→ **WHAT TO PRODUCE**
The data needs to be returned in full, exactly as it reads.
── PROVIDED DATA
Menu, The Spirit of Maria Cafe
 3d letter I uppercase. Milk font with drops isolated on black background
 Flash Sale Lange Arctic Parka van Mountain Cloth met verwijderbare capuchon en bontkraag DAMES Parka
────
→ **EXPECTED ANSWER**
Menu, The Spirit of Maria Cafe
 3d letter I uppercase. Milk font with drops isolated on black background
 Flash Sale Lange Arctic Parka van Mountain Cloth met verwijderbare capuchon en bontkraag DAMES Parka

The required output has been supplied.